REQUIRED WORK: Return, word for word, only the lines of the data below that lie between the line with "ミスターポテトヘッドイラスト 簡単｜初心者でもすぐ描ける作り方" and the line with "近一年中国液晶平板显示模组出口情况统计图", those two lines included.
[DATA TO PROCESS — start]
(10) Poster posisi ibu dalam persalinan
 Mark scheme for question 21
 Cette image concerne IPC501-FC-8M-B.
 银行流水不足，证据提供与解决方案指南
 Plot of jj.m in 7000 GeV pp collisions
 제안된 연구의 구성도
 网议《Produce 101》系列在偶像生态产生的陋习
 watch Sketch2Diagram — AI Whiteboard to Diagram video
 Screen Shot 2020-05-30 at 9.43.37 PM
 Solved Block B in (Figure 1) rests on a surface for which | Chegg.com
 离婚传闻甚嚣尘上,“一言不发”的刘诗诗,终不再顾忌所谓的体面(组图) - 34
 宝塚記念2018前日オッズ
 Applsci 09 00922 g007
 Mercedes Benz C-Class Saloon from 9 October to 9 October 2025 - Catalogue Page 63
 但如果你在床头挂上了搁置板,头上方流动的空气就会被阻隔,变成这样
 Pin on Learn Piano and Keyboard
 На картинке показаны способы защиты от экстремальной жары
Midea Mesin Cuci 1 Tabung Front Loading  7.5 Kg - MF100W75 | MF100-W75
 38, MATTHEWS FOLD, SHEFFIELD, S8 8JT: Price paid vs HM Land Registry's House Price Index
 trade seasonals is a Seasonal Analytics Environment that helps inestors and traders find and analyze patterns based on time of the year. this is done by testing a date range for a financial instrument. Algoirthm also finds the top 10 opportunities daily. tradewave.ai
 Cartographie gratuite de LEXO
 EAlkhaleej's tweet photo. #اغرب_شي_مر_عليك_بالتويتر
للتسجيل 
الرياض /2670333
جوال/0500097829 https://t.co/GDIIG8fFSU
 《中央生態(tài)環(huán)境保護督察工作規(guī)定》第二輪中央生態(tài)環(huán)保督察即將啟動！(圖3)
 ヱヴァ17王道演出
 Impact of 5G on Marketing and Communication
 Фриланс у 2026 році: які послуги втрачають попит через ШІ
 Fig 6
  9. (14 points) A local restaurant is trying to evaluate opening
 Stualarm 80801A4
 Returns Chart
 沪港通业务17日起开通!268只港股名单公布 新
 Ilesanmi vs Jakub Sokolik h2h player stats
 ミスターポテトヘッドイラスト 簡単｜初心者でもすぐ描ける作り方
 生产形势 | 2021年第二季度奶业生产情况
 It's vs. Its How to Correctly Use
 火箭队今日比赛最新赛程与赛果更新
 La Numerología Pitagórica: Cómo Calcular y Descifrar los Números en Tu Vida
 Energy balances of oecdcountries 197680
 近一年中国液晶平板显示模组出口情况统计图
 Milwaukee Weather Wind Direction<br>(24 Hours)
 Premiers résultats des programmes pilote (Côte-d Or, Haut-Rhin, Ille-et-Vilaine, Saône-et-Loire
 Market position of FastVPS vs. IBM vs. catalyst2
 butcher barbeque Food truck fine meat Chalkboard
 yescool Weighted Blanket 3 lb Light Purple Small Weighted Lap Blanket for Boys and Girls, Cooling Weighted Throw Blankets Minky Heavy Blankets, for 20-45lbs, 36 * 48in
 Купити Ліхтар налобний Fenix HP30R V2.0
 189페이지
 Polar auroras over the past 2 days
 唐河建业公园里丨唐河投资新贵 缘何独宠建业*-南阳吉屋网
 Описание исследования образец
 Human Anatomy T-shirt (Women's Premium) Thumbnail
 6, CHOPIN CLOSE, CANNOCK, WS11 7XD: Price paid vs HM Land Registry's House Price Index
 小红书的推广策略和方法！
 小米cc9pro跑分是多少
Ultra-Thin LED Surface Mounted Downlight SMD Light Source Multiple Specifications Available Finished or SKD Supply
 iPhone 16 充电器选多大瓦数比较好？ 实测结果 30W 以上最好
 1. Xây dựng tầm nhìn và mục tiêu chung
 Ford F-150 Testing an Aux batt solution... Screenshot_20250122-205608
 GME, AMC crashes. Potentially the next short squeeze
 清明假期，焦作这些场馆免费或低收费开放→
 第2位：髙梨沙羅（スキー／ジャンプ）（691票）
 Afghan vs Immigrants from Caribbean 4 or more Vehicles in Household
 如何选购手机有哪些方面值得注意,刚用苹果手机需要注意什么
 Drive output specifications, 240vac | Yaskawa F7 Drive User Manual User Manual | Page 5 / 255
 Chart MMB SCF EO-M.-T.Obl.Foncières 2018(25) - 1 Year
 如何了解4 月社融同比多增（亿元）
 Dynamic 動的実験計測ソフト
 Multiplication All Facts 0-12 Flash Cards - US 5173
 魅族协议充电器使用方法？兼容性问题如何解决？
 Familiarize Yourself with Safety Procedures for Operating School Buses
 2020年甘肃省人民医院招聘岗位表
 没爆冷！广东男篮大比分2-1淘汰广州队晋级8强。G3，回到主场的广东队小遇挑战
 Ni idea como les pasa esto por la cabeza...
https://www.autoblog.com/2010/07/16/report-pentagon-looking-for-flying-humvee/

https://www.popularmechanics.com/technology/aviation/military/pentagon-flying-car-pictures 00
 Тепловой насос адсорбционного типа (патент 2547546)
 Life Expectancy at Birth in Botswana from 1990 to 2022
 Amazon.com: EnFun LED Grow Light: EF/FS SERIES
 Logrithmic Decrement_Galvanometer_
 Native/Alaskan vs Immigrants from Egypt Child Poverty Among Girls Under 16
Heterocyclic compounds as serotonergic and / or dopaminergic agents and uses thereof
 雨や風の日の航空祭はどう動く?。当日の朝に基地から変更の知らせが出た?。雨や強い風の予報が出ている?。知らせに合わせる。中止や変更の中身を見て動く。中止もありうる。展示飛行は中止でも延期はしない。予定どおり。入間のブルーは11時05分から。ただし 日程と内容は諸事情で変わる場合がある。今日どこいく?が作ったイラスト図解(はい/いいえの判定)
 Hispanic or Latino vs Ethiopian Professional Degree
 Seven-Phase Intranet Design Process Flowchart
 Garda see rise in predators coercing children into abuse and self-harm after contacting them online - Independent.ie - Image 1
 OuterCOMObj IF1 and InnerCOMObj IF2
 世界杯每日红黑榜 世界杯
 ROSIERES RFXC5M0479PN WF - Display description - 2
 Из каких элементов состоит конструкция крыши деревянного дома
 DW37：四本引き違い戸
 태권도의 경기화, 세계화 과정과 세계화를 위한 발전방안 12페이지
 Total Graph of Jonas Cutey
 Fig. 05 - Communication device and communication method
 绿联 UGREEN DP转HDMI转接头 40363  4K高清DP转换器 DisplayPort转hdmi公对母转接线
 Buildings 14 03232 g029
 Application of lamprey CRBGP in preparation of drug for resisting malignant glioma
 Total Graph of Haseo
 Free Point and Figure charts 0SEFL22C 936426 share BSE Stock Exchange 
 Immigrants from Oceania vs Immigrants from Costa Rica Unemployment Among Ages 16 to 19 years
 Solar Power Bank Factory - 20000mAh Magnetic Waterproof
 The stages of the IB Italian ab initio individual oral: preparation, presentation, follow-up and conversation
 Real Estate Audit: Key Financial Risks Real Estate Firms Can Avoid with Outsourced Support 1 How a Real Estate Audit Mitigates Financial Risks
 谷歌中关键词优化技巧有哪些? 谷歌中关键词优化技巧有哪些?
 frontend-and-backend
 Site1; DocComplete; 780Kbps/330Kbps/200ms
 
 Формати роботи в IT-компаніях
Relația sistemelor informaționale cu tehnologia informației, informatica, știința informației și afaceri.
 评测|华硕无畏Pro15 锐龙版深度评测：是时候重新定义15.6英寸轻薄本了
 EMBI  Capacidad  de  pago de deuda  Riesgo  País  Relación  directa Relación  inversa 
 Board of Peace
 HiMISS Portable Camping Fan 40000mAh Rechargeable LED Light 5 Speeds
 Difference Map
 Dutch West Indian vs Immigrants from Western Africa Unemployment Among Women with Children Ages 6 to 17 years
[DATA TO PROCESS — finish]
SOLUTION TO THIS PROBLEM:
 ミスターポテトヘッドイラスト 簡単｜初心者でもすぐ描ける作り方
 生产形势 | 2021年第二季度奶业生产情况
 It's vs. Its How to Correctly Use
 火箭队今日比赛最新赛程与赛果更新
 La Numerología Pitagórica: Cómo Calcular y Descifrar los Números en Tu Vida
 Energy balances of oecdcountries 197680
 近一年中国液晶平板显示模组出口情况统计图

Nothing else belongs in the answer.